═════ PROVIDED DATA
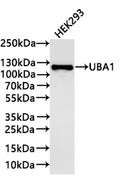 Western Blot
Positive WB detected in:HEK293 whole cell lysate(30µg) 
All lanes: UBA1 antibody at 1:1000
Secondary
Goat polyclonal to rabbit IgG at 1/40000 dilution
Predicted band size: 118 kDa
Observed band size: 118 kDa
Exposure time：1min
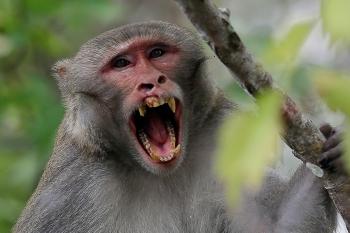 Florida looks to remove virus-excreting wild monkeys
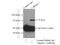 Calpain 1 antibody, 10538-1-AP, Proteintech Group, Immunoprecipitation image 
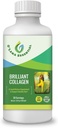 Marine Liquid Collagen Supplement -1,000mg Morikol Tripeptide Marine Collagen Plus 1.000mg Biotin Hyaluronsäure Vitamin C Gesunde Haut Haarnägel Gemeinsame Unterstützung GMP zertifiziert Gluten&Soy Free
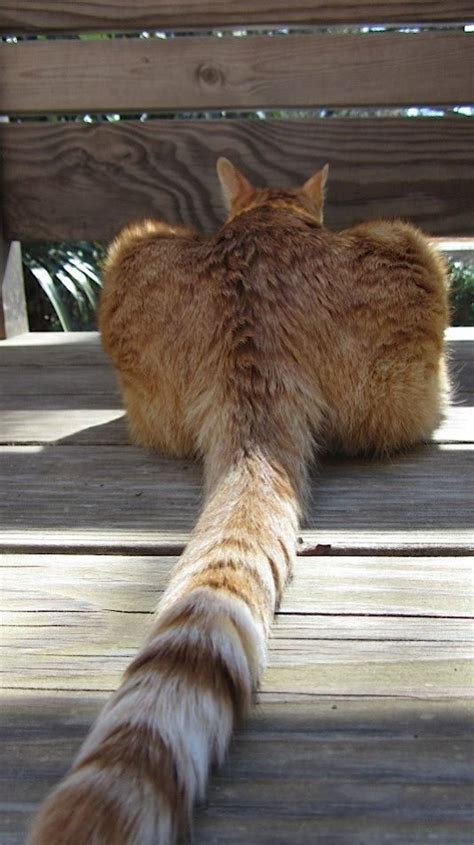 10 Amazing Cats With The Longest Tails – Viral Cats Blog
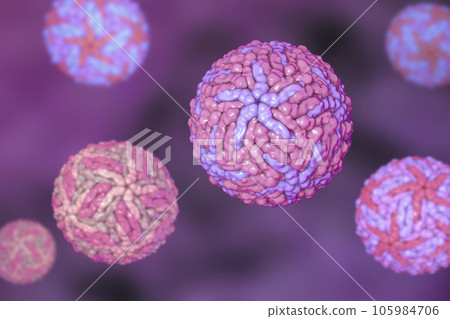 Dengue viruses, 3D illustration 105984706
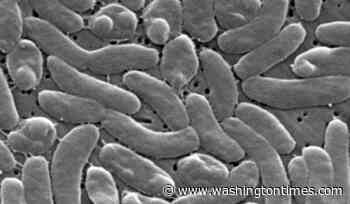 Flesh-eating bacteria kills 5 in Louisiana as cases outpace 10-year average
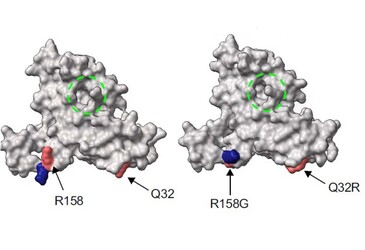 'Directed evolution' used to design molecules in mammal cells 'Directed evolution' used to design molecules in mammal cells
══════════
AIM OF THE TASK - In these entries, please give the number of lines holding the string "band" and nothing more.

EXERCISE ANSWER - 2